Die Super League war von vornherein von einem gewissen Größenwahn geprägt.

 

Und vor der Kamera müssen Sie auch noch auf Ihr bewährtes Duo aus Oliver Welke und Oliver Kahn verzichten.

Wir haben einen größeren Umbruch vor uns. Oliver Kahn und Oliver Welke haben die Berichterstattung der vergangenen Jahre geprägt, keine Frage. Es war aber immer klar, dass die EM im vergangenen Jahr wegen seines neuen Jobs beim FC Bayern das letzte Turnier von Oliver Kahn gewesen wäre. Nach der Verschiebung war er also raus – was nicht zwangsläufig bedeutete, dass auch Oliver Welke nicht moderieren würde. Aber vor dem Hintergrund der im nächsten Jahr im Winter stattfindenden WM, zu der es parallel auch die „heute-show" geben wird, haben wir uns einvernehmlich darauf verständigt, die personelle Veränderung schon jetzt zu vollziehen. Glücklicherweise können wir mit Katrin Müller-Hohenstein und Jochen Breyer auf bekannte und kompetente Gesichter setzen und haben mit Per Mertesacker einen erfahrenen Experten im Einsatz. Und Christoph Kramer, der schon 2018 dabei war, ist mit seinen 30 Jahren auf einmal ein alter Hase. (lacht)

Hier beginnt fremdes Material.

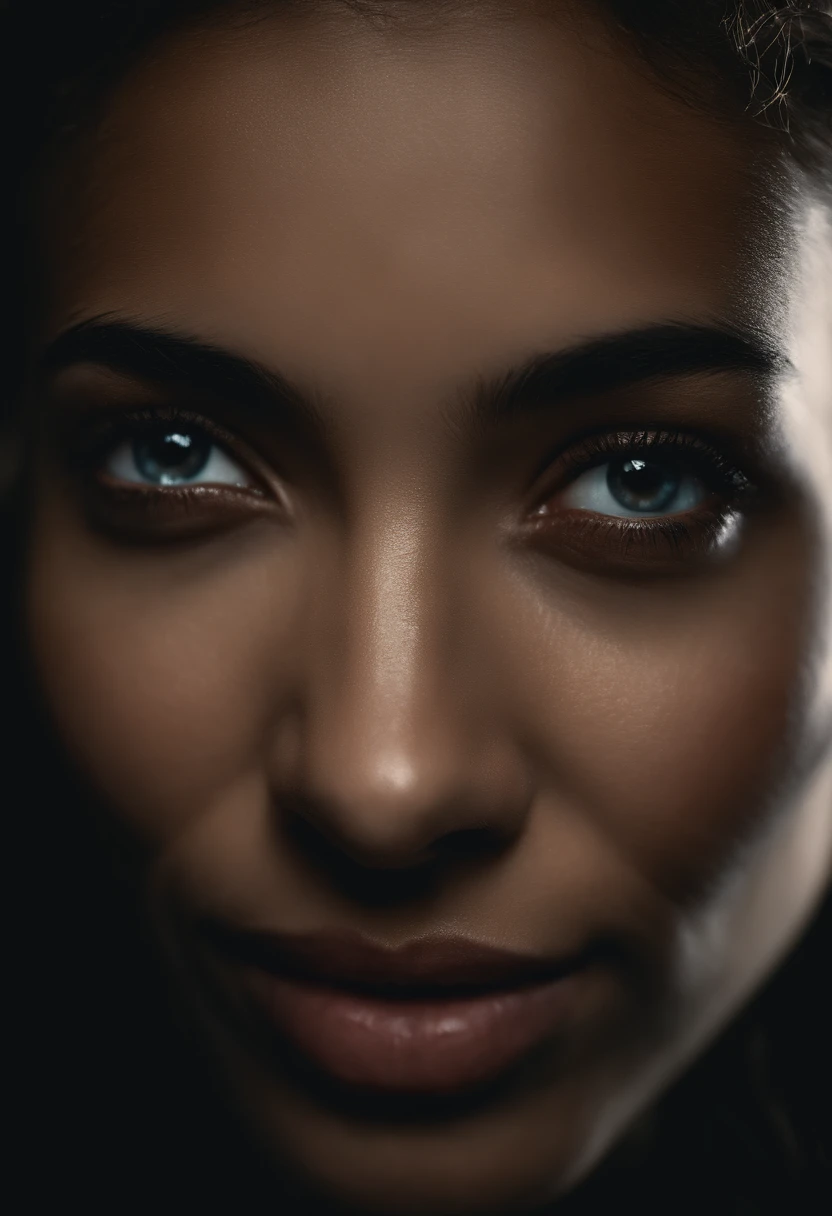 (Close-up, An editorial photo of a 21-year-old woman), (Highly detailed face:1.4) (Smile:0.7) (background inside dark, Moody, Private study:1.3) angle of view, by Lee Jeffries, Nikon D850, film stock photograph ,4 Kodak Portra 400 ,Camera f1.6 shots ,Rich colors ,Ultra photo realsisim ,Lifelike texture, Dramatic lighting , cine still 800,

Als neue Dachmarke für die ZDF-Sportberichterstattung dient fortan das „Sportstudio“. Was sprach dafür – und was bedeutet das eigentlich für die „Sportreportage“?

In der heutigen Medienwelt sind starke Marken immer wichtiger. Dieser Gedanke hat uns geleitet – und von dieser Analyse war der Schritt zu der Erkenntnis, auf unsere stärkste Marke zu setzen, ein kleiner. Und die stärkste Marke des ZDF-Sports ist „das aktuelle sportstudio“. Das fand die Zustimmung der Kolleginnen und Kollegen vom Marketing und aus anderen Fachabteilungen im Haus – und war sicherlich ein überfälliger Schritt, auch im Vergleich zu anderen Marken wie „Sportschau“ oder „ran“. Und um Ihre zweite Frage zu beantworten: Die Sendung am Sonntag wird in Zukunft den Namen „Sportstudio-Reportage“ tragen.

Neu ist auch die Wettbewerbssituation. Dass sich ARD und ZDF einmal die Rechte an großen Turnieren mit der Telekom teilen würden, hätte man sicher vor einigen Jahre noch für undenkbar gehalten. Haben Sie nicht die Sorge, dass für die Öffentlich-Rechtlichen in Zukunft nur noch die Krümel übrig bleiben werden?

Der Wettbewerb ist schwieriger, ohne Frage. Aber: Wir haben für die kommenden Jahre die Rechte an den wichtigen internationalen Sportereignissen – EURO 2020 jetzt in 2021, die WM in 2022 und die Heim-EM 2024. Dazu kommen die Rechte an den Olympischen Spielen bis 2024. Das ist eine sehr gute Versorgung für die Beitragszahler, finde ich. Krümel sehen anders aus. Gleichzeitig gilt: Der Sportrechte-Markt ist durch die globalen Markt-Teilnehmer wie DAZN oder Amazon Prime Video komplizierter und schwieriger geworden.

Vor wenigen Wochen hat es große Aufregung um die Super League gegeben. Hätten Sie um die Rechte mitgeboten?

Nein. Die Super League war von vornherein von einem gewissen Größenwahn geprägt und ist ja auch erstmal sehr schnell in sich zusammengefallen. Ich habe es auch nicht als attraktives Programm erachtet, weil diese Idee einen Kardinalfehler hat: Es gibt keinen sportlichen Wettbewerb. Das ist für das Publikum nicht attraktiv. Wir haben eine andere Sport- und Fankultur als in den USA, wo ganze Teams hin und her geschoben werden, es keinen Auf- und Abstieg gibt. Das haben die mehrheitlich amerikanischen Eigentümer grandios falsch eingeschätzt.

Herr Fuhrmann, vielen Dank für das Gespräch.